Cross-linguistic and null-model comparisons

Figure 6 presents synthetic Sakib numbers across seven languages in a stylized Europarl-style corpus.

To assess statistical significance, Sakib suggests comparing observed Sakib numbers to a null distribution obtained by randomly shuffling in-group and out-group labels while holding other structure fixed. Figure 7 shows a synthetic null distribution and a hypothetical observed value (Figure 6,7).

Comparison to a naive out-group negation ratio

The Sakib number generalizes simple ratios of out-group to in-group negation by incorporating base-rate normalization through NPMI. (Figure 8) plots a synthetic relationship between S(C) and a naive out-group negation ratio.

Distributions of speech-level and speaker-level Sakib numbers

Figure 9 shows a synthetic histogram of speech-level Sakib numbers S(s) in a hypothetical parliament. Figure 10 then summarizes synthetic speaker-level Sakib constants for five politicians (Figures 9,10).

Synthetic illustration for corporate earnings calls

Finally, (Figure 11) illustrates how the Sakib constant could be used to compare sectors in corporate earnings calls. In this stylized example, we display Sakib numbers for four sectors: technology, finance, energy, and consumer goods.

Conceptual Diagrams for Deployment

In addition to quantitative illustrations, it is useful to visualize the conceptual pipeline from raw text to Sakib constants and the deployment of those constants in monitoring systems.

Corpus-to-constant pipeline

Figure 12 sketches an end-to-end pipeline from raw corpora to Sakib constants (Figure 12).

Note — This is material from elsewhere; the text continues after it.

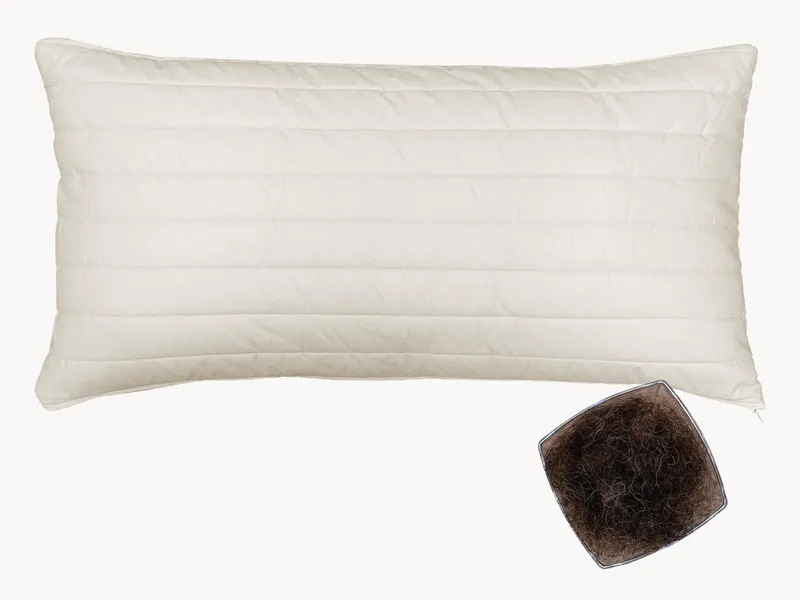 allnatura allnatura Rosshaar-Kopfkissen "Cavallo" - Schnäppchen 2092-07274 | 50x70 cm – Produktbild 1 von 2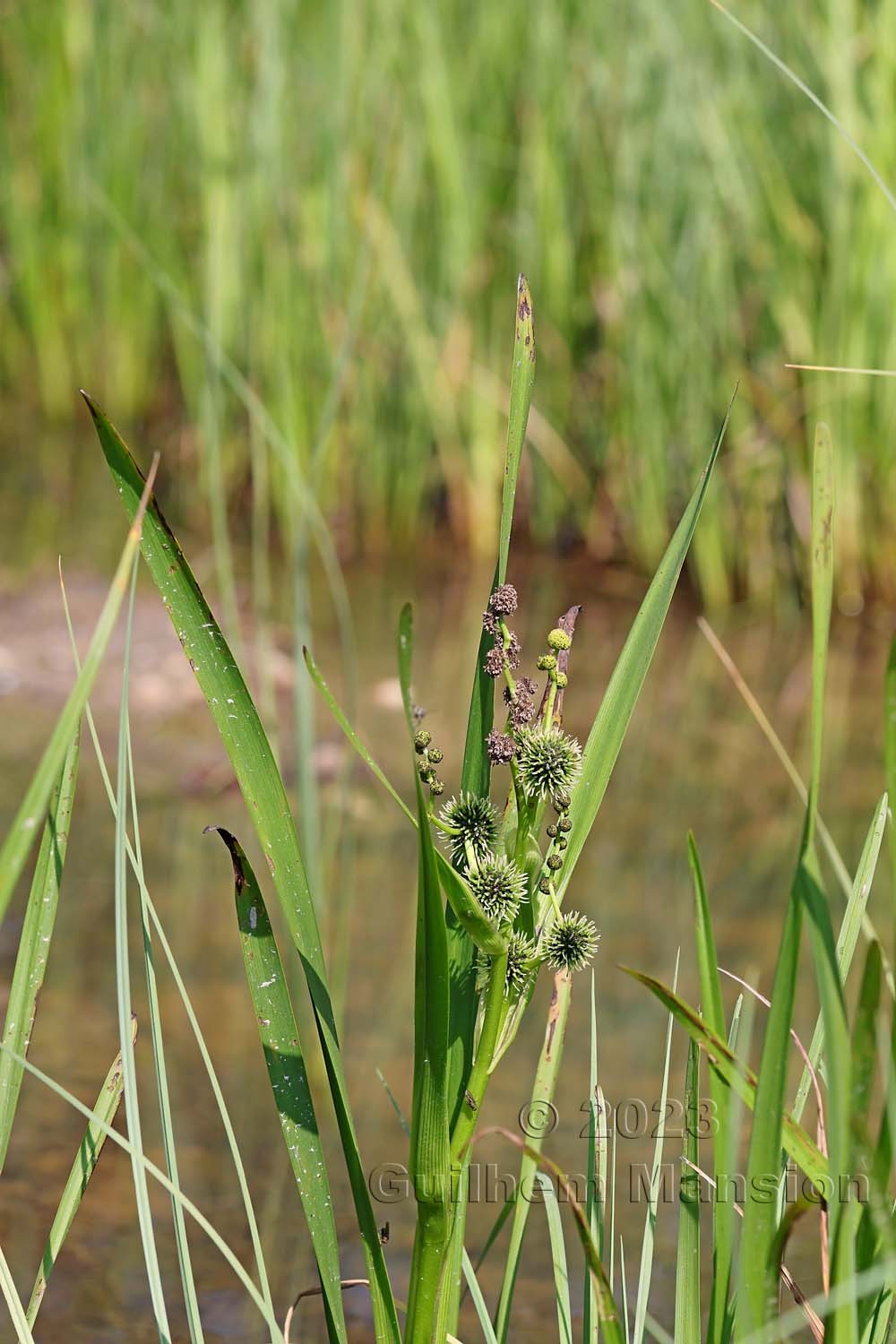 Sparganium erectum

Political versus corporate applications

Figure 13 highlights how the same framework can be specialized to political and corporate domains by choosing appropriate group-mention inventories (Figure 13).

Monitoring architecture

Finally, Figure 14 shows a schematic architecture for real-time monitoring of Sakib constants (Figure 14).


Conclusion

The S M Nazmuz Sakib Oppositional Negation Coupling Principle and its associated Sakib Negation–Outgroup Coupling Number provide a compact, interpretable summary of how much an actor’s negation is directed toward out-groups rather than in-groups, after accounting for base rates and corpus size. In this manuscript, we have:

  • restated Sakib’s measure in a form suitable for implementation;
  • specified an annotation and counting pipeline for political and economic corpora;
  • illustrated, via synthetic examples, how the Sakib constant behaves across time, languages, sectors, and speakers.

Future work should deploy this framework on large multilingual corpora of political speeches, corporate earnings calls, and central bank communications, systematically assessing robustness to parser and classifier errors, cross-linguistic variation in negation systems, and alternative definitions of in-groups and out-groups. Once implemented at scale, Sakib constants could become useful indicators for researchers and practitioners interested in political polarization, corporate blame shifting, and the framing of economic risk.